Cân. 714 - Os membros vivam nas condições do mundo, sozinhos, na própria família, ou num grupo de vida fraterna, de acordo com as Constituições.

Cân. 722 - § 1. A prova inicial tenha como finalidade que os candidatos conheçam mais adequadamente sua vocação divina, a vocação própria do instituto, e sejam exercitados no espírito e no modo de vida do instituto.

§ 2. Os candidatos sejam devidamente formados para viver segundo os conselhos evangélicos e instruídos a transformar inteiramente sua vida em apostolado, usando das formas de evangelização que melhor correspondam à finalidade, ao espírito e à índole do instituto.

§ 3. O modo e tempo dessa formação, antes de se assumirem pela primeira vez os vínculos sagrados no instituto, sejam determinados nas Constituições.
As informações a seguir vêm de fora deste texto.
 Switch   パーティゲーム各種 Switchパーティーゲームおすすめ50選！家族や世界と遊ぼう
Não durarão menos de dois anos.

Cân. 733 - § 1. Decorrido o tempo da prova inicial, o candidato que for julgado idôneo assuma os três conselhos evangélicos, confirmados por um vínculo sagrado, ou então deixe o instituto.

§ 2. Essa primeira incorporação, por não menos de cinco anos, seja temporária, de acordo com as Constituições.
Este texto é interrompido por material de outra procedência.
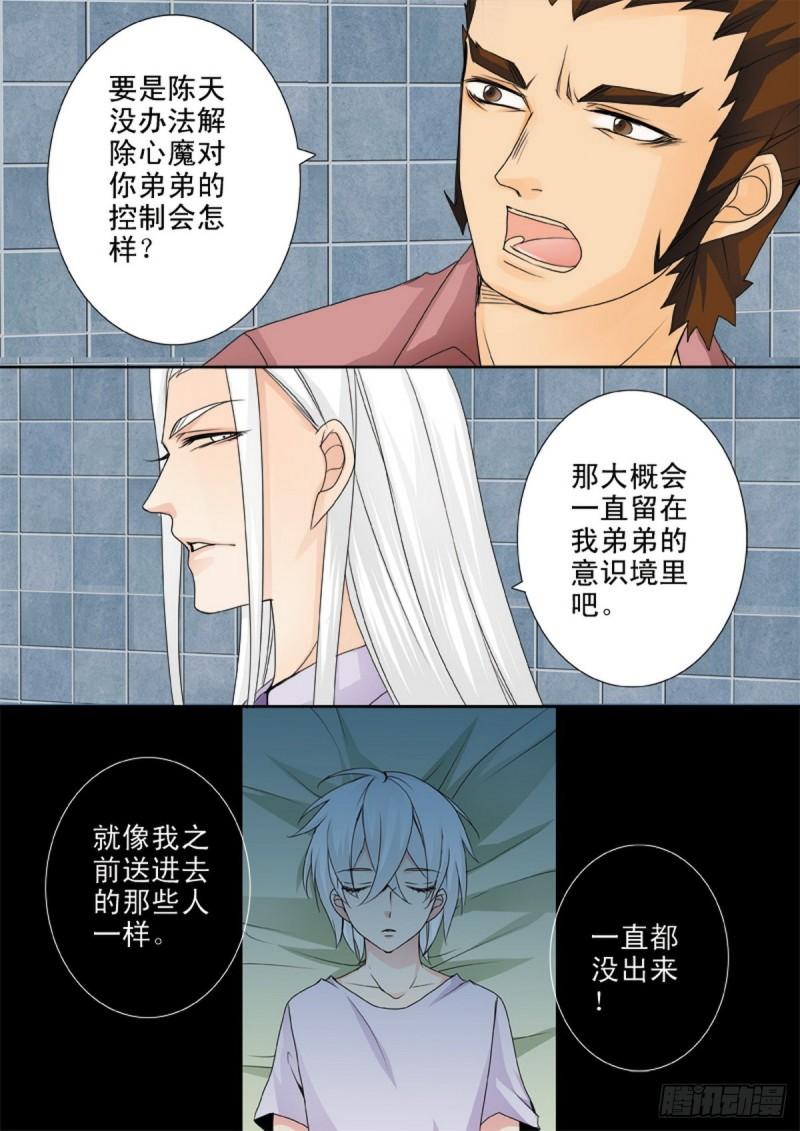 第两百一十四话2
§ 3. Decorrido o tempo dessa incorporação, o membro que for julgado idôneo seja admitido à incorporação perpétua ou à definitiva, isto é, com vínculos temporários a serem sempre renovados.
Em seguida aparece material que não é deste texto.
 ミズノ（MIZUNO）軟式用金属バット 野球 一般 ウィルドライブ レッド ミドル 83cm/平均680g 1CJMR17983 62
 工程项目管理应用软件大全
§ 4. A incorporação definitiva, no que se refere a certos efeitos jurídicos a serem estabelecidos nas Constituições, equipara-se à perpétua".

Ver ainda os cânones 724-728.

Como se vê, os Institutos Seculares estão hoje plenamente integrados no Corpo da Igreja e oferecem a muitos fiéis que não podem deixar de viver com os seus familiares (por serem arrimo de pai ou mãe ou por terem que assistir a pessoas enfermas...), a oportunidade de se consagrarem a Deus pelos votos de castidade, pobreza e obediência, vividos em comunhão com irmãos e irmãs colocados nas mesmas condições. É conveniente que esta oportunidade se torne conhecida. Dizia Pio XII que os IS são "a modalidade do testemunho de Cristo que a Igreja dá ao mundo, fazendo desabrochar, da riqueza de sua vida, um tipo de santificação e evangelização bem adaptado às necessidades da hora presente".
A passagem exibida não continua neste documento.